Temperature measurements from 16 nodes of a 100x100 meter grid at the Crater Lake CALM site on Deception Island, Antarctica, recorded at about 50 cm depth. Data acquisition began in 2006, with readings taken from 1 to 4 hours. The PERMATHERMAL monitoring network is led by Dr. Miguel Ángel de Pablo of Universidad de Alcalá.
Use Cases
- Analyze seasonal temperature variations at 50 cm depth across the 16-node grid.
- Model permafrost thermal regime using time-series data collected at 1-4 hour intervals since 2006.
- Correlate ground temperature data from PT stations with active layer thickness measurements from the CALM grid.
- Study long-term permafrost temperature trends at the Deception Island monitoring site.
Strengths
- Time-series data collected at 1-4 hour intervals since 2006, providing high temporal resolution.
- Measurements from 16 spatially distributed nodes within a standardized 100x100 m CALM grid.
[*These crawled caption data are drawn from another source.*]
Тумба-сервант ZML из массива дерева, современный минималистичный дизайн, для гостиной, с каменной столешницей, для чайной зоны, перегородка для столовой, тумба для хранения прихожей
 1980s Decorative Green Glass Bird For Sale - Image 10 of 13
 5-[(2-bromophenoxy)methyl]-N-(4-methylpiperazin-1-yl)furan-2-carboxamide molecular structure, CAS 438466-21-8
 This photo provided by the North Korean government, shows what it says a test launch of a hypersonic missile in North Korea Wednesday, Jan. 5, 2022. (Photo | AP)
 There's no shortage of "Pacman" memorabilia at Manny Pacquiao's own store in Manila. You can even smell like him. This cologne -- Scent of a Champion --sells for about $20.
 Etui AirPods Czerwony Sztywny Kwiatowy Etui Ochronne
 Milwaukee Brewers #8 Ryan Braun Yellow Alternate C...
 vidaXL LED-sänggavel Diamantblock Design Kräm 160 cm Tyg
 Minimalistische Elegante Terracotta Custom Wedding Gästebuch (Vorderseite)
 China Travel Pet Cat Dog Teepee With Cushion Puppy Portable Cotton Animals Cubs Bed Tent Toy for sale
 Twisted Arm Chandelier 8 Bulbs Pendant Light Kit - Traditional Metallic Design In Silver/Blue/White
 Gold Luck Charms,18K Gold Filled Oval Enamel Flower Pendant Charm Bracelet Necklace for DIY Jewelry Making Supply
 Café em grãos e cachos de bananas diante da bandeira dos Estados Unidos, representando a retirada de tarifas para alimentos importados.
- Part of a long-term monitoring network (PERMATHERMAL) following GCOS principles.
Limitations
- Limited spatial coverage to a single 100x100 m grid at one Antarctic island site.
- Unknown sample size and data completeness for the time series.
- Depth of measurement is fixed at approximately 50 cm, lacking a vertical temperature profile.
Provenance
- Source
- PERMATHERMAL monitoring network led by Universidad de Alcalá, via NASA EarthData.
- Collection Method
- Temperatures registered inside short boreholes at grid nodes.
- Time Range
- Since 2006.
- Freshness
- null
- Geography
- Crater Lake CALM site (A16), Deception Island, South Shetland Archipelago, Antarctica.